On this solemn weekend of the 9th anniversary of 9-11, I find myself deeply troubled by the most recent development involving the Florida Pastor who threatened to publicly burn Qurans, but decided against doing so after receiving enormous pressure from fellow pastors and high ranking government officials.
Apparently, officials at the highest levels of our government had pressured him (some would say pleaded with him) to not carry out his plans for fear of retaliation against our Troops. One report even said he got a visit from the FBI at his home in Florida. If this is so, such actions should alarm us all and cause us to ask some hard questions, even if we don’t agree with the Pastor’s proposed actions.
First, whether or not the Rev. Jones ultimately goes through with his plans to burn Qurans at some point, I believe we are headed down a dangerous slippery slope on issues surrounding religious freedom, religious tolerance, and freedom of speech. Like most people of faith and good will, I do not support or condone acts of hatred or violence against another person’s religion.
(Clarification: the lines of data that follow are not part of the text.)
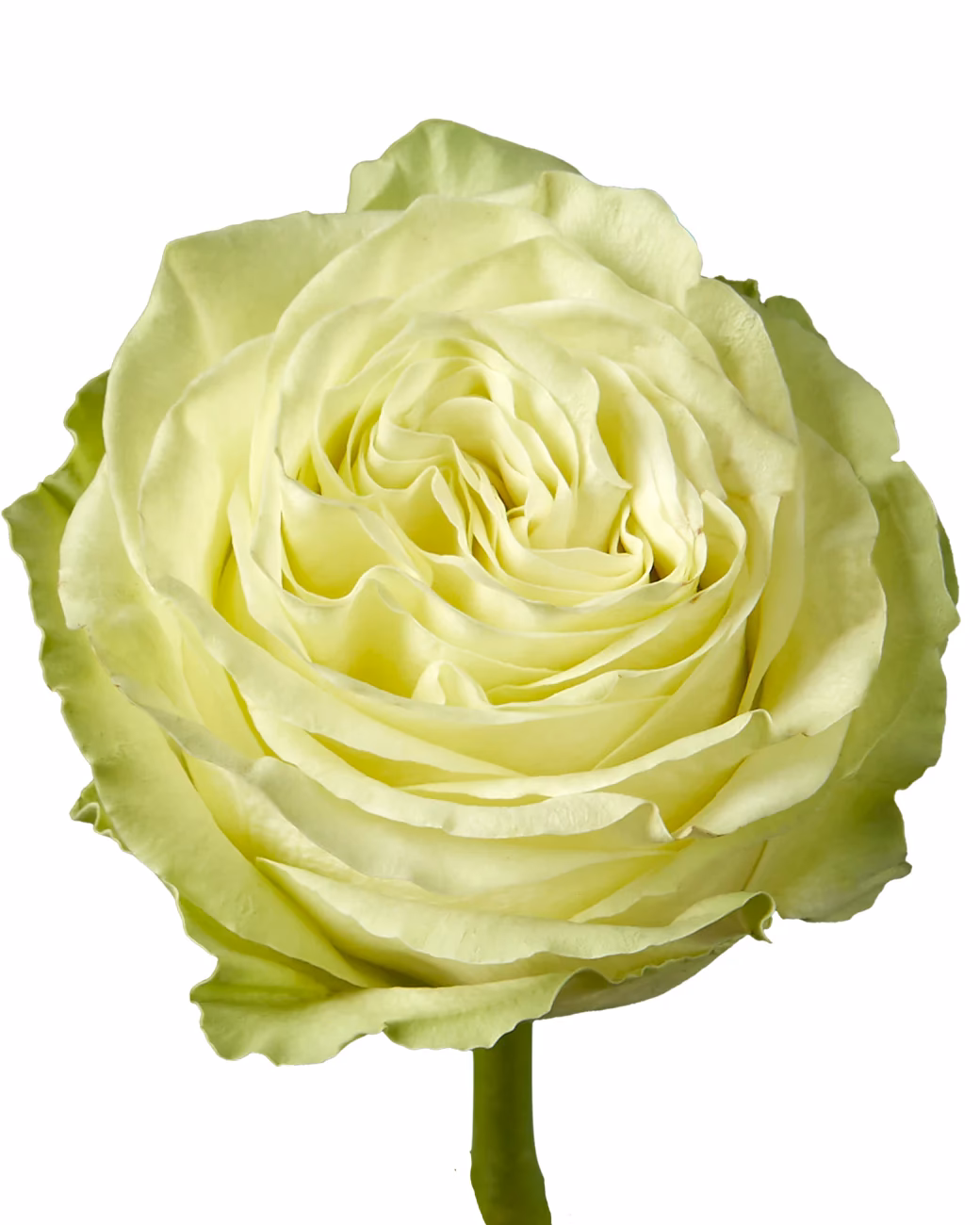 ¿Cuál es el color del rizoma de la planta de wasabi?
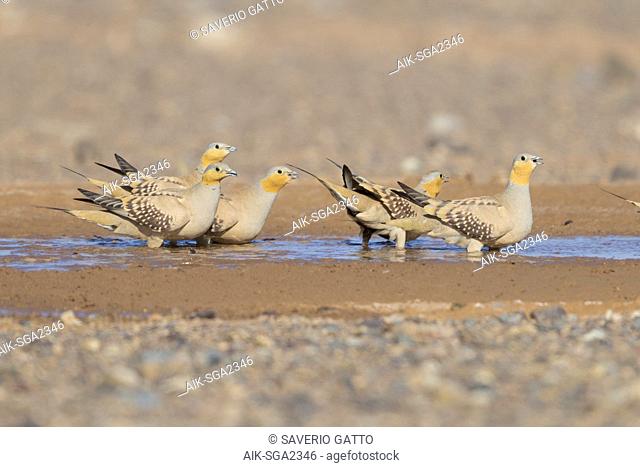 Spotted Sandgrouse (Pterocles senegallus), small flock at drinking pool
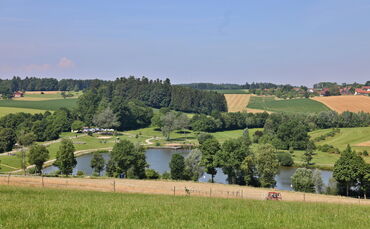 Bade-Idylle Aichstruter Stausee: Leider ist der See aktuell mit Blaualgen belastet.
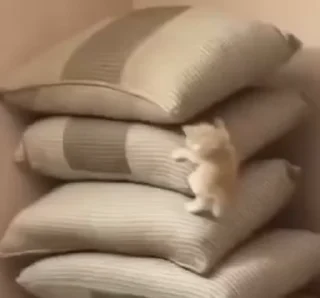 😶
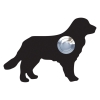 Sonnette Chien ''Balu'' Noire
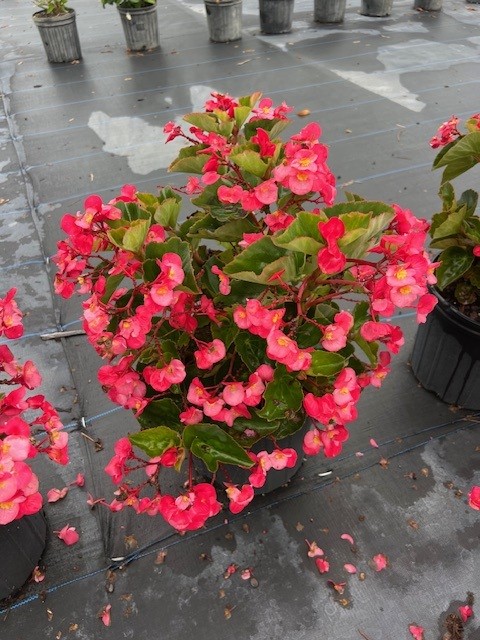 begonia-big-series-rose-bronze-leaf-wax-begonia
However, what I condone less is high level government officials like Secretary of Defense Gates calling directly a religious leader of a small church in one of the sovereign states of the United States and asking him to stand down lest he inflame passions against Muslims and incite violence by radical extremists within Islam against our Troops serving in the Middle East region.
Um, in case you all missed it–radical Islam declared war on America on September 11, 2001. Not the other way around. Their passions are already inflamed as against America.
Over the last several months we have seen an uncomfortable and some would say dangerous change in tone and discourse as it relates to the Islamic faith and how it is perceived and practiced here in America. The whole brouhaha started over the proposed Islamic Cultural Center at Ground Zero in New York City, and has now escalated into an international incident with other nations condemning the U.S. as anti-Muslim, and intolerant of religious freedom due to the proposed actions by the Pastor to burn the Quran.
According to news sources last Thursday evening, Pastor Terry Jones was under tremendous pressure from U.S. officials all the way up to President Barack Obama, who condemned Jones’ proposed actions to host a public Quran burning on Saturday – the anniversary of the Sept. 11, 2001, attacks. Friday, Jones abruptly announced a change of plans to a media circus outside his Dove Outreach World Center in Gainesville shortly after Secretary of Defense Robert Gates called him to make a direct appeal. Gates told Jones that burning Qurans would inflame Muslim sentiment and endanger U.S. troops abroad.
Here is my problem with what Secretary Gates did: First, after watching Imam Feisal on CNN’s Larry King on Wednesday hosted by my friend Soledad O’Brien I got the distinct feeling that we (Americans) were being politely threatened that we had better tread lightly with how we handle the Ground Zero Islamic Cultural Center lest we upset the “radical extremists” and put our nation at risk for further attacks domestically. Second, the response to this situation from officials at the highest levels from President Obama to Secretary Clinton continue to be one of “fear” and sending a message to radical Islam extremists and terrorists that the United States will not do anything to upset the apple cart and that we will walk on egg shells so as not to offend Islam radicals. Third, why is it that our officials have no concern about those who burn Bibles and flags in places where our Troops are serving on the ground, yet we go into panic mode over a nutty pastor with a small obscure church in Florida who might burn a Quran?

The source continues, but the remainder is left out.